Yeah, Generation X will be diverse. The youth books always are. New Mutants had a diverse cast. Generation X had a diverse cast. New X-Men had a diverse cast. And the characters always get relegated to tertiary books or limbo. Of the New Mutants, Cannonball and Illyana became official X-Men, and joined the casts of flagship X-titles. The rest were kept in X-Force or X-Factor, at best. Generation X was arguably the most successful. Husk and Chamber both became official X-Men in flagship titles . . . that no one actually remembers. And Monet, bucking the trend, has become a young POC in a flagship, by joining Uncanny X-Men . . . which is a villain book. Of the New X-Men, basically none of them have actually amounted to anything. Laura, of course. Pixie became an official X-Man in a flagship title for a little while. Anole’s part of the supporting cast of EXM, but he’s still an X-Man in training, and he’s not a major part of the book. But for the most part, the New X-Men characters don’t matter. This happens over and over. We get a book of X-Men-in-training, and once their book ends, they get tossed into the background, because they’re not allowed to actually become X-Men, because the same goddamn straight white people get all the focus. Dani’s not allowed to be an X-Man, because they need a slot for Nightcrawler, instead.

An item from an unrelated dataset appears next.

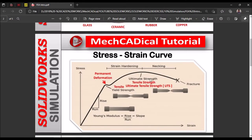Next is ultimate tensile strength, or simply UTS, where necking of the component takes place. Tensile strength is the maximum stress at which the material starts failing or breaking. There is a slow breaking of the component and finally it fractures. Usually we consider the point where there is no plastic deformation — that is the tensile yield strength.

It just frustrates me, so much, how few shits the X-office actually gives about diversity and representation. They don’t give a shit. They don’t. They don’t care enough to have diverse casts. They sure as hell don’t care enough to have diverse creators. They just. Don’t. Care. And I’m fed up with it. I am done with this shit. I’m not buying Blue or Gold. I have limited funds each month, and quite frankly, I’d rather put my money towards something new. I’d rather support progress, and the X-Men office has made it crystal clear that they don’t want progress. So screw ’em. If Taylor continues to write Laura as Wolverine, I’ll keep buying that. If they bring in a writer who isn’t a straight white guy on any of the remaining books, I’ll get that book. But a straight white guy on a book about a bunch of straight white people? No. To hell with you, X-office. Get your shit together. What you’re doing is not OK.
ALL THAT SAID! If Guggenheim finally has Kitty and Rachel get together as an official couple, that I will support. (Not that there’s the slimmest chance in hell of that happening, of course. They have Iceman, so why would they ever need to have other openly LGBT characters, right? So, despite all the blatant subtext, Kitty, Rachel and Storm will all remain canonically straight. I’m guessing there’ll be ship-teasing between Kitty and Peter, and probably between Storm and Logan, and maybe between Rachel and Kurt. Not a one of them will ever be allowed to be anything other than straight. Because the X-office Just Doesn’t Care.)
My schedule for the week: 12-8:30 Friday, 2:30-10:45 Sunday, 1:45-10:15 Monday. So posts Thursday, Saturday and Tuesday.
And that’s all I’ve got for this week.